When cluster deployment completes, you can create one or more tables in the database, and use the pgedge spock repset-add-table to add the table to the default replication set to start replication.

Adding Tables to the `default` Replication Set

For replication to begin, you will need to add tables to the default replication set; for this example, we'll use pgbench to create those tables. When you open pgbench or psql, specify the port number and database name to ensure you're working on the correct node. Before starting, source the PostgreSQL environment variables on each node to add pgbench and psql to your OS PATH; for example:

source cluster/demo/n1/pgedge/pg16/pg16.env

Then, use pgbench to set up a very simple four-table database. At the OS command line, create the pgbench tables in your database (db_name) with the pgbench command. You must create the tables on each node in your replication cluster:

pgbench -i --port=port_number db_name

Then, connect to each node with the psql client:

psql -p port_number -d db_name

Once connected, alter the numeric columns, making the numeric fields conflict-free delta-apply columns, ensuring that the value replicated is the delta of the committed changes (the old value plus or minus any new value) to a given record. If your cluster is configured to use Spock extension 4.0 (or later) use the commands:

ALTER TABLE pgbench_accounts ALTER COLUMN abalance SET (log_old_value=true, delta_apply_function=spock.delta_apply);
ALTER TABLE pgbench_branches ALTER COLUMN bbalance SET (log_old_value=true, delta_apply_function=spock.delta_apply);
ALTER TABLE pgbench_tellers ALTER COLUMN tbalance SET (log_old_value=true, delta_apply_function=spock.delta_apply);

If you're using an older version of the Spock extention (prior to 4.0), use the commands:

ALTER TABLE pgbench_accounts ALTER COLUMN abalance SET (log_old_value=true);
ALTER TABLE pgbench_branches ALTER COLUMN bbalance SET (log_old_value=true);
ALTER TABLE pgbench_tellers ALTER COLUMN tbalance SET (log_old_value=true);

Then, exit psql:

db_name=# \q

On the OS command line for each node, use the pgedge spock repset-add-table command to add the tables to the system-created replication set (named default); the command is followed by your database name (db_name):

./pgedge spock repset-add-table default 'pgbench_*' db_name
Adding table public.pgbench_accounts to replication set default.
Adding table public.pgbench_branches to replication set default.
Adding table public.pgbench_history to replication set default.
⚠ table pgbench_history cannot be added to replication set default
⚠ DETAIL:  table does not have PRIMARY KEY and given replication set is configured to replicate UPDATEs and/or DELETEs
Adding table public.pgbench_tellers to replication set default.

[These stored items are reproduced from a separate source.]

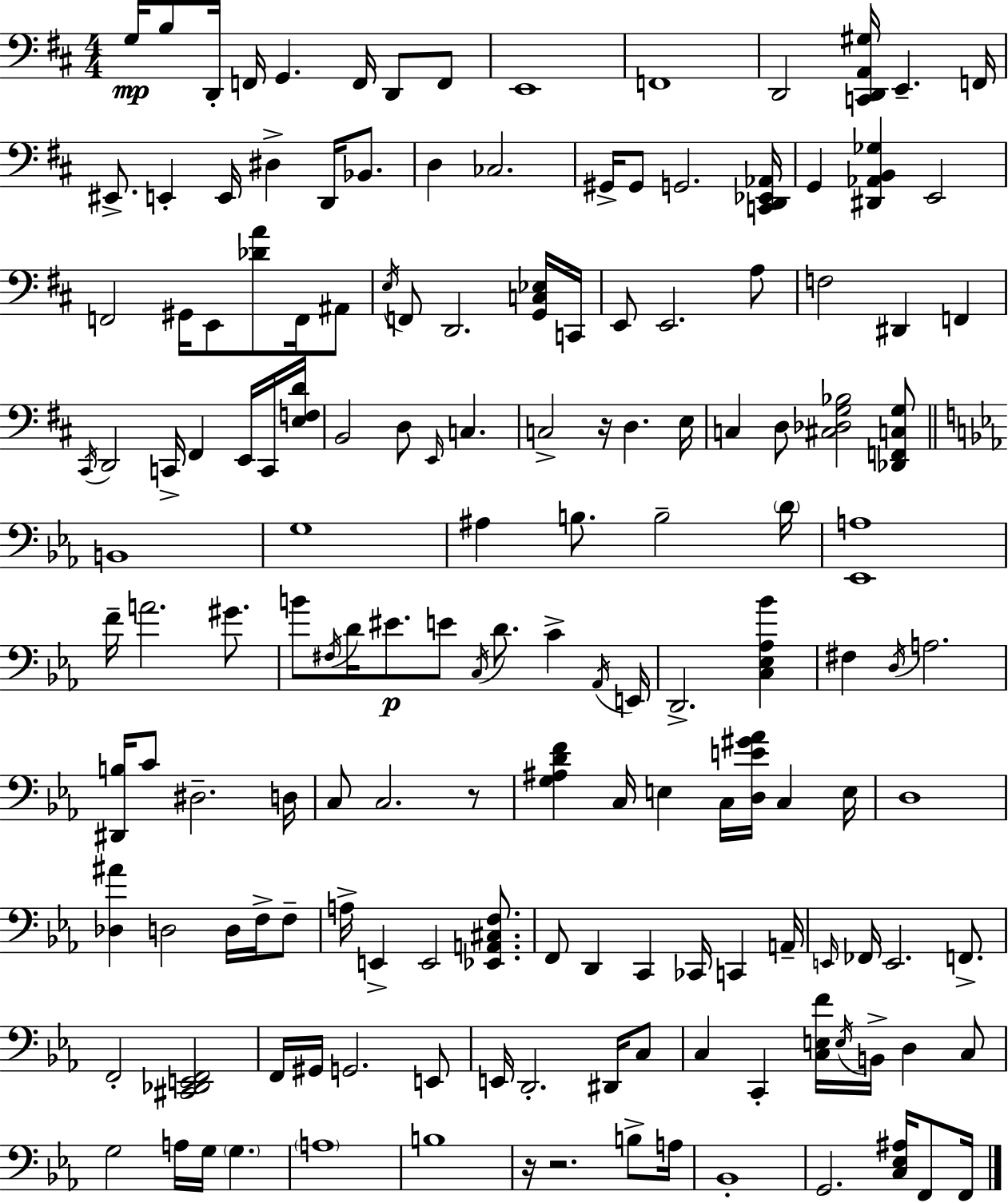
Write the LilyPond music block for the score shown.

{
  \clef bass
  \numericTimeSignature
  \time 4/4
  \key d \major
  g16\mp b8 d,16-. f,16 g,4. f,16 d,8 f,8 | e,1 | f,1 | d,2 <c, d, a, gis>16 e,4.-- f,16 | \break eis,8.-> e,4-. e,16 dis4-> d,16 bes,8. | d4 ces2. | gis,16-> gis,8 g,2. <c, d, ees, aes,>16 | g,4 <dis, aes, b, ges>4 e,2 | \break f,2 gis,16 e,8 <des' a'>8 f,16 ais,8 | \acciaccatura { e16 } f,8 d,2. <g, c ees>16 | c,16 e,8 e,2. a8 | f2 dis,4 f,4 | \break \acciaccatura { cis,16 } d,2 c,16-> fis,4 e,16 | c,16 <e f d'>16 b,2 d8 \grace { e,16 } c4. | c2-> r16 d4. | e16 c4 d8 <cis des g bes>2 | \break <des, f, c g>8 \bar "||" \break \key ees \major b,1 | g1 | ais4 b8. b2-- \parenthesize d'16 | <ees, a>1 | \break f'16-- a'2. gis'8. | b'8 \acciaccatura { fis16 } d'16 eis'8.\p e'8 \acciaccatura { c16 } d'8. c'4-> | \acciaccatura { aes,16 } e,16 d,2.-> <c ees aes bes'>4 | fis4 \acciaccatura { d16 } a2. | \break <dis, b>16 c'8 dis2.-- | d16 c8 c2. | r8 <g ais d' f'>4 c16 e4 c16 <d e' gis' aes'>16 c4 | e16 d1 | \break <des ais'>4 d2 | d16 f16-> f8-- a16-> e,4-> e,2 | <ees, a, cis f>8. f,8 d,4 c,4 ces,16 c,4 | a,16-- \grace { e,16 } fes,16 e,2. | \break f,8.-> f,2-. <cis, des, e, f,>2 | f,16 gis,16 g,2. | e,8 e,16 d,2.-. | dis,16 c8 c4 c,4-. <c e f'>16 \acciaccatura { e16 } b,16-> | \break d4 c8 g2 a16 g16 | \parenthesize g4. \parenthesize a1 | b1 | r16 r2. | \break b8-> a16 bes,1-. | g,2. | <c ees ais>16 f,8 f,16 \bar "|."
}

The fourth table, pgbench_history, is excluded from the replication set because it does not have a primary key.

Checking the Configuration

On the psql command line, check the configuration on each node with the following SQL statements:

db_name=# SELECT * FROM spock.node;
  node_id  | node_name | location | country | info 
-----------+-----------+----------+---------+------
 193995617 | n3        |          |         | 
 673694252 | n1        |          |         | 
 560818415 | n2        |          |         | 
(3 rows)

and:

db_name=# SELECT sub_id, sub_name, sub_slot_name, sub_replication_sets  FROM spock.subscription;
   sub_id   | sub_name |      sub_slot_name       |         sub_replication_sets          
------------+----------+--------------------------+---------------------------------------
 3293941396 | sub_n1n2 | spk_lcdb_n2_sub_n1n2 | {default,default_insert_only,ddl_sql}
 1919895280 | sub_n1n3 | spk_lcdb_n3_sub_n1n3 | {default,default_insert_only,ddl_sql}
(2 rows)

The sub_replication_sets column shown above displays the system-created replication sets. You can add custom replication sets with the spock repset-create and spock sub-add-repset commands.

Testing Replication

Now, if you update a row on n1, you should see the update to the same row on n2 and n3.

On n1:

db_name=# SELECT * FROM pgbench_tellers WHERE tid = 1;
 tid | bid | tbalance | filler
-----+-----+----------+--------
   1 |   1 |    	0 |
 (1 row)

db_name=# UPDATE pgbench_tellers SET filler = 'test' WHERE tid = 1;
UPDATE 1

Check n2 and n3:

db_name=# SELECT * FROM pgbench_tellers WHERE tid = 1;
 tid | bid | tbalance | filler  	 
-----+-----+----------+--------------------------------------------------
   1 |   1 |    	0 | test                               
(1 row)

You can also use pgbench to exercise replication; exit psql:

db_name=# exit

Then, run the following command on all nodes at the same time to run pgbench for one minute.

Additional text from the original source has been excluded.